Lumumba 1925 yılında dünyaya geldiğinde Belçika devletinin Kongo’daki sömürge faaliyetleri hız kesmeden devam etmektedir. Ülkede imtiyazlı şirketler maden, enerji, altyapı hizmetlerini yürütürken misyoner kurumlar da eğitim ve sağlık hizmetlerini yürütmektedir. Belçikalılar ordu ve polis gücünü komuta etmektedirler. Katanga olarak bilinen bölgede bulunan zengin maden yatakları işletilmekte ve sömürge idaresinin giderleri buradan karşılanmaktadır.
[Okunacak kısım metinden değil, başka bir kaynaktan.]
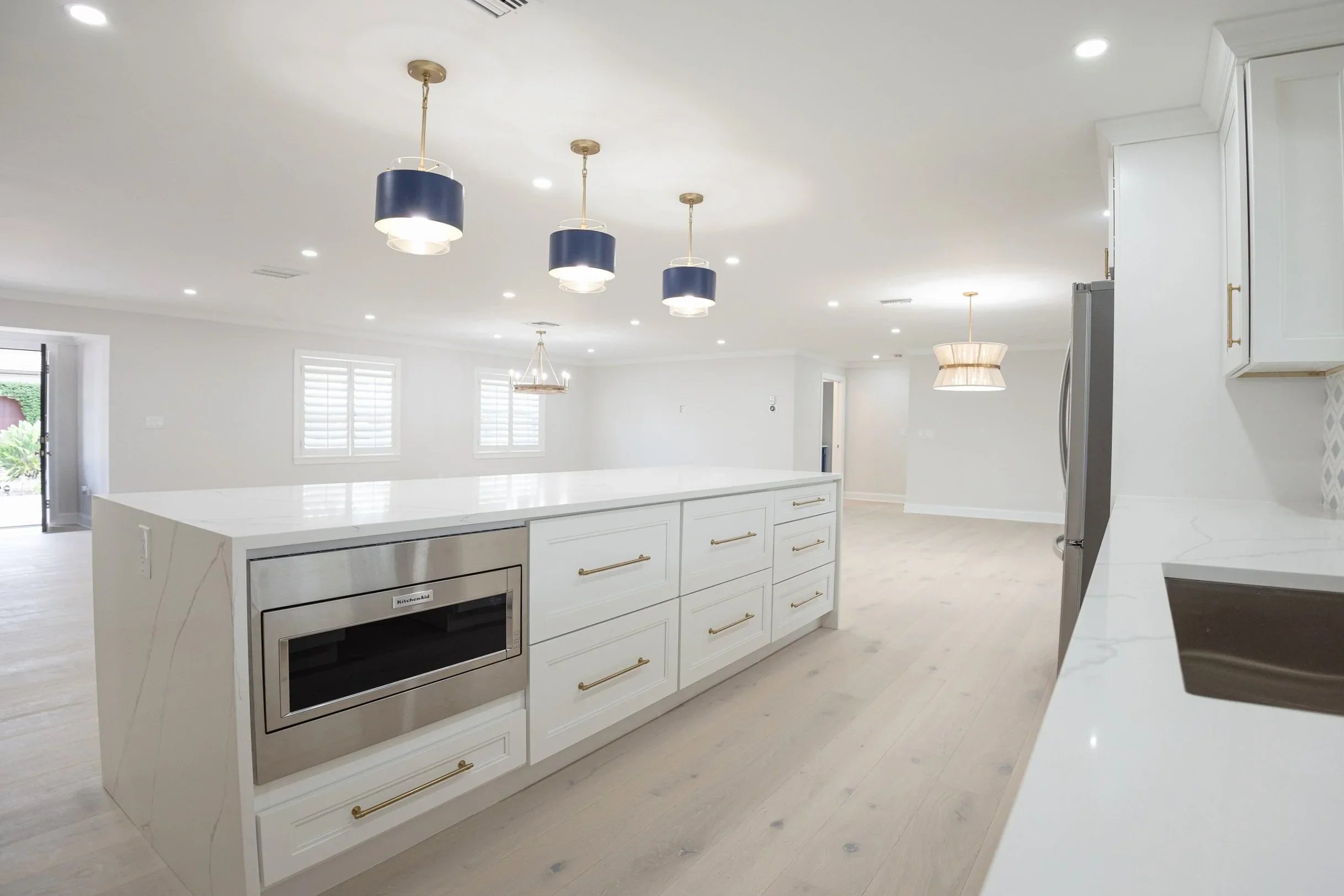 Bright, modern kitchen with white cabinets, marble countertops, stainless steel microwave, gold hardware, and black and gold pendant lights over a large island.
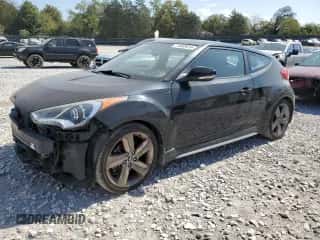 2015 Hyundai Veloster Turbo z VIN KMHTC6AE6FU232889, wystawiony jako Copart lot #71652674 z przebiegiem 122 709 mil mil oraz Szkoda całkowita • Salvage title. Historia ofert i sprzedaży dostępna na DreamBid. Obrazek 1.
Bu arada Japonya’ya atılan ilk atom bombası Katanga uranyumu ile imal edilmiştir.[4] Ülkeye yerleşen çoğunluğu Belçikalı olan Avrupalı kolonlar beyaz sınıfı oluşturdukları için ülkenin gerçek sahipleriymiş gibi yaşarken siyasi halk üçüncü sınıf muamele görmektedir. Alt ile üst sınıf arasında Ortadoğu ve Asya’dan gelmiş küçük tüccar ve zanaatkârlar yer alır.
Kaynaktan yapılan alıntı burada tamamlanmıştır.